Elle is already dressed in jeans and a sweatshirt. She throws a shirt at me. She says, “You get slower each time.”
“Of course I get slower each time,” I say. Does it really matter if I am slow? Does it matter if, perhaps, I grab a cup of coffee before I go out in the rain and retrieve my crazy brother? I tell Elle both coffee and slowness are options, that there are, indeed, a great many options in life.
Elle huffs at this. I ignore her and consult the calendar I keep bedside, a calendar I keep for Dr. Mulvaney to chart Georgie’s “progress.” To date, this is the twenty-fifth time Georgie has tried a road trip to Memphis. Each time he heads south, puts no more than thirty miles on the odometer, and, confused, agitated, he stops every time his car hits a stone on the road, one maybe the size of a pea, one just large enough to be felt under a tire. “Progress,” I tell Elle. “It’s all in the name of progress.”
Elle stands with her hands on her hips. “It would most assuredly be progress if you finished dressing,” she says. “I’ll put on some coffee, but Christ, Bud, make it quick. I don’t have all night, either.”
“Sure,” I say with a flutter of fingers. “I am on the case.” But of course I am thinking what neither of us will say, what neither of us will talk about: This is just the start of things. When we bring Georgie home, we will inevitably spend the rest of the night listening to one of my brother’s tirades about how Elle and I are co-conspirators against him. Georgie will storm through the house. And when I argue with him, when I attempt to inject any sort of reasoning into the discussion—Georgie will appear confused. He will shake violently.
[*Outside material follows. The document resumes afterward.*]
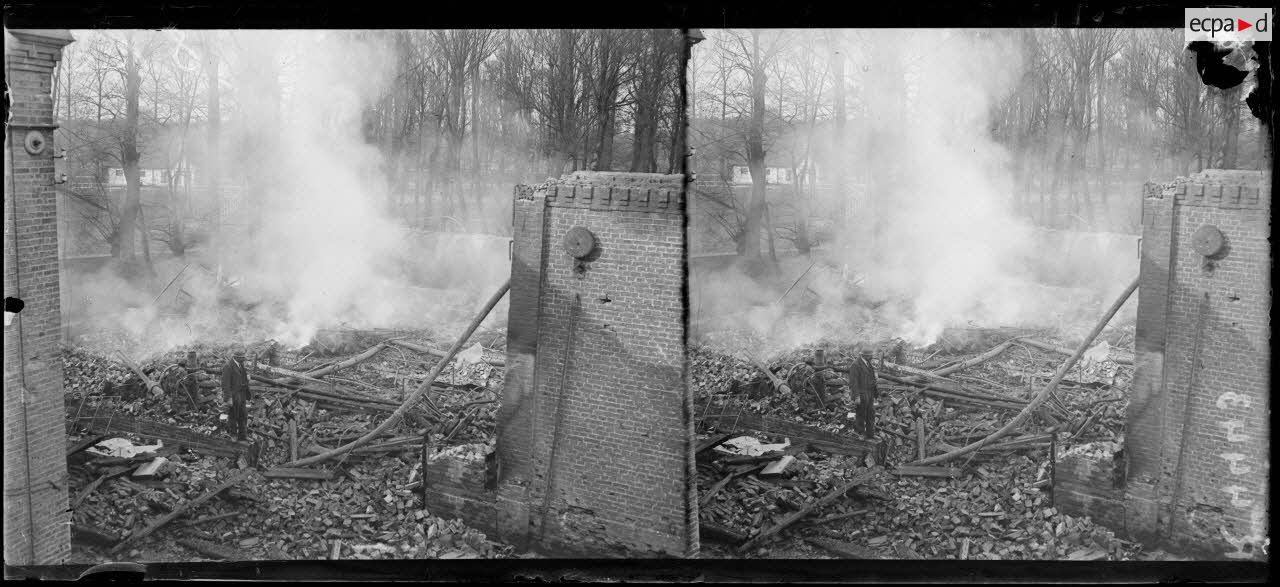 Amiens, les usines Saint-Frères incendiées. [légende d'origine]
He will punch holes through the daisy-printed wallpaper that Elle loves, just as he has done before. He will kick furniture. Turn over the TV. He will break
things. Small things. Things like Elle’s Hummels, those perfect-looking children, so idiotically pastoral I can’t say I blame him. And Elle, who only agreed to this arrangement because Georgie is my brother, will probably smile thinly and remind Georgie that the Hummels were a gift from her mother who lives in Florida. Elle will probably tell him that she always did think the statues looked too happy for their own good, and anything that happy deserves a good downing. She will say all this, and a hint of sarcasm will creep into her voice again. Can I blame her for this tone? They are her things, after all. She cares about them in a way she does not care for Georgie when he glowers and tells her simply, as if it explains everything, “Fuck you.”